> _Exercise requirements_
Every record needs to come back as written, except for the pictures.

=== Begin Enclosure ===

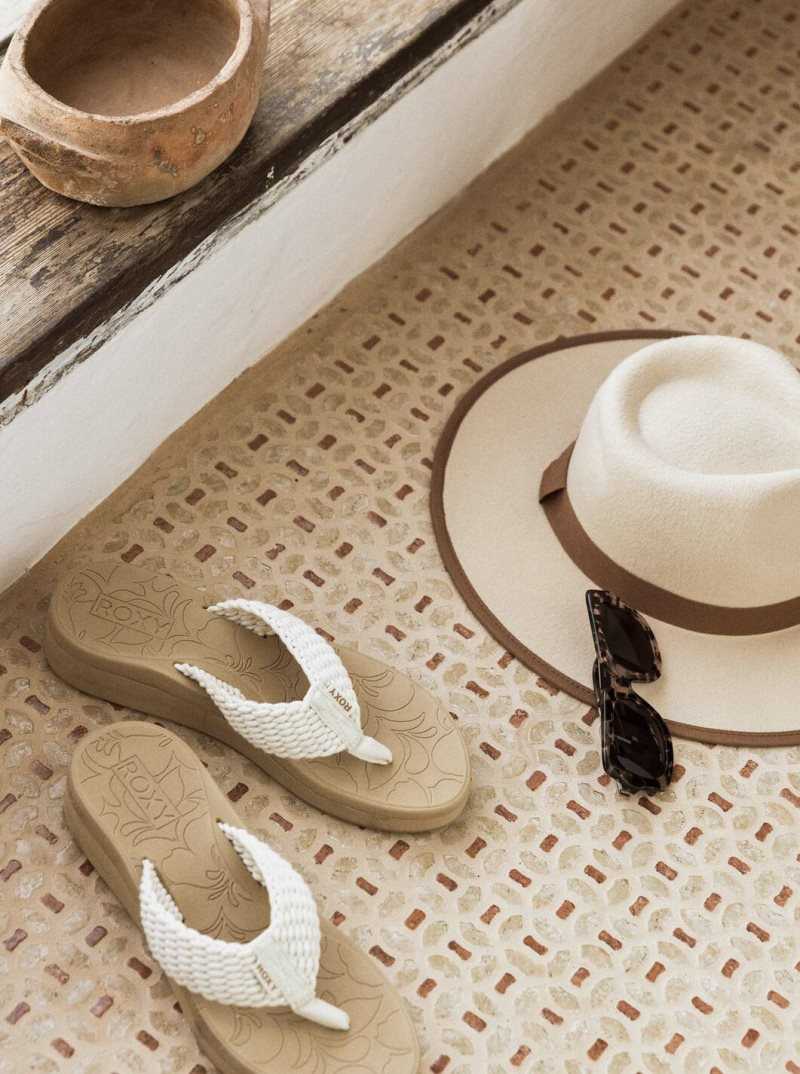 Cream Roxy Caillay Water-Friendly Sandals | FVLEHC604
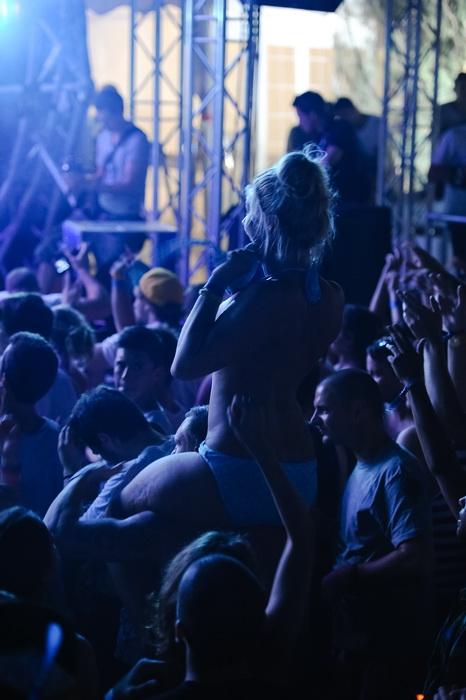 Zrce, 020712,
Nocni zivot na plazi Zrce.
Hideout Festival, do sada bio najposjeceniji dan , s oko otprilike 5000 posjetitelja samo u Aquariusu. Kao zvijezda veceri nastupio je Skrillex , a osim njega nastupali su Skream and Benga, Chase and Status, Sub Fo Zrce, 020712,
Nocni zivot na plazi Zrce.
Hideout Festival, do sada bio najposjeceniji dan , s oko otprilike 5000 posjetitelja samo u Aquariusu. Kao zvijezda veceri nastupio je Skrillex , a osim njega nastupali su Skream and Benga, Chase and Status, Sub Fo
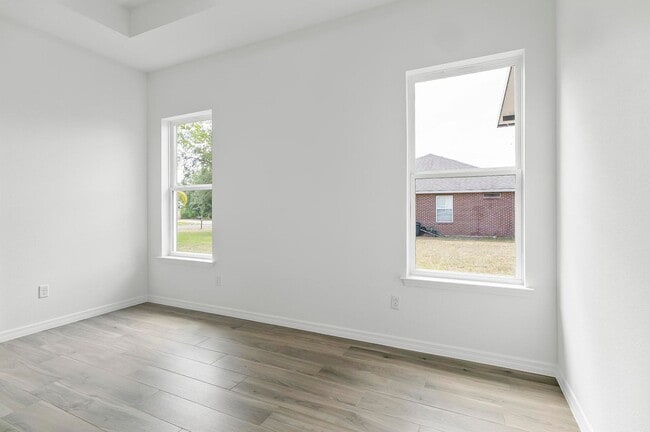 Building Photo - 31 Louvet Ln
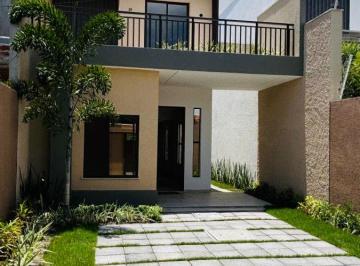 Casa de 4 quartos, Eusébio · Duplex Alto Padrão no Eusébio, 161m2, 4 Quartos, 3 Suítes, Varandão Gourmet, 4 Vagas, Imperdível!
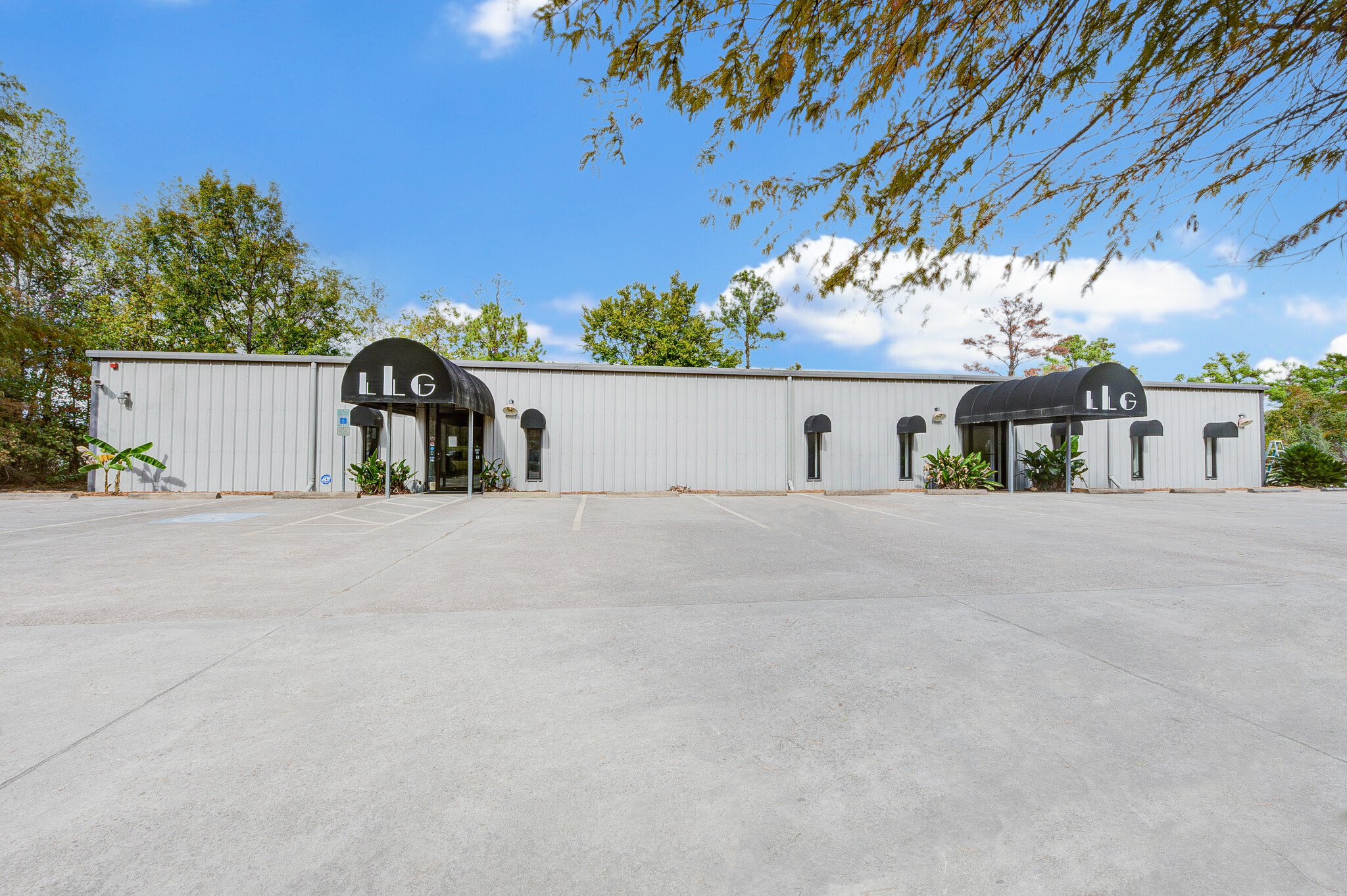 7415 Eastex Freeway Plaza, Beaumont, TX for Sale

=== End Enclosure ===

> _Result for this exercise_
 Cream Roxy Caillay Water-Friendly Sandals | FVLEHC604
 Zrce, 020712,
Nocni zivot na plazi Zrce.
Hideout Festival, do sada bio najposjeceniji dan , s oko otprilike 5000 posjetitelja samo u Aquariusu. Kao zvijezda veceri nastupio je Skrillex , a osim njega nastupali su Skream and Benga, Chase and Status, Sub Fo Zrce, 020712,
Nocni zivot na plazi Zrce.
Hideout Festival, do sada bio najposjeceniji dan , s oko otprilike 5000 posjetitelja samo u Aquariusu. Kao zvijezda veceri nastupio je Skrillex , a osim njega nastupali su Skream and Benga, Chase and Status, Sub Fo
 Building Photo - 31 Louvet Ln
 Casa de 4 quartos, Eusébio · Duplex Alto Padrão no Eusébio, 161m2, 4 Quartos, 3 Suítes, Varandão Gourmet, 4 Vagas, Imperdível!
 7415 Eastex Freeway Plaza, Beaumont, TX for Sale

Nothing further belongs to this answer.